PARTITION – Loads data into specified partition.

INPUTFORMAT – Specify Hive input format to load a specific file format into table, it takes text, ORC, CSV etc.

SERDE – can be the associated Hive SERDE.

If you already have a table created by following Create Hive Managed Table article, skip to the next section.


CREATE TABLE IF NOT EXISTS emp.employee (
 id int,
 name string,
 age int,
 gender string )
 COMMENT 'Employee Table'
 ROW FORMAT DELIMITED
 FIELDS TERMINATED BY ',';

Note: In order to load the CSV comma-separated file to the Hive table, you need to create a table with ROW FORMAT DELIMITED FIELDS TERMINATED BY ','

Hive LOAD CSV File from HDFS

Hive LOAD DATA statement is used to load the text, CSV, ORC file into Table. Load statement performs the same regardless of the table being Managed/Internal vs External

Now, let’s see how to load a data file into the Hive table we just created.
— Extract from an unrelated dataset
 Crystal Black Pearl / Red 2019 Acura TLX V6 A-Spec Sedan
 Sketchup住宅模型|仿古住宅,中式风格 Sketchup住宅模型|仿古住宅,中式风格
  • Create a data file (for our example, I am creating a file with comma-separated columns)
  • Now use the Hive LOAD command to load the file into the table.

LOAD DATA INPATH '/user/hive/data/data.csv' INTO TABLE emp.employee;

Note that after loading the data, the source file will be deleted from the source location, and the file loaded to the Hive data warehouse location or to the LOCATION specified while creating a table.


hdfs dfs -ls /user/hive/warehouse/emp.db/employee/
-rw-r--r--   1 hive supergroup         52 2020-10-09 19:29 /user/hive/warehouse/emp.db/employee/data.txt

Use SELECT command to get the data from a table and confirm data loaded successfully without any issues.


SELECT * FROM emp.employee
hive load csv table

LOAD CSV File from the LOCAL filesystem

Use LOCAL optional clause to load CSV file from the local filesystem into the Hive table without uploading to HDFS.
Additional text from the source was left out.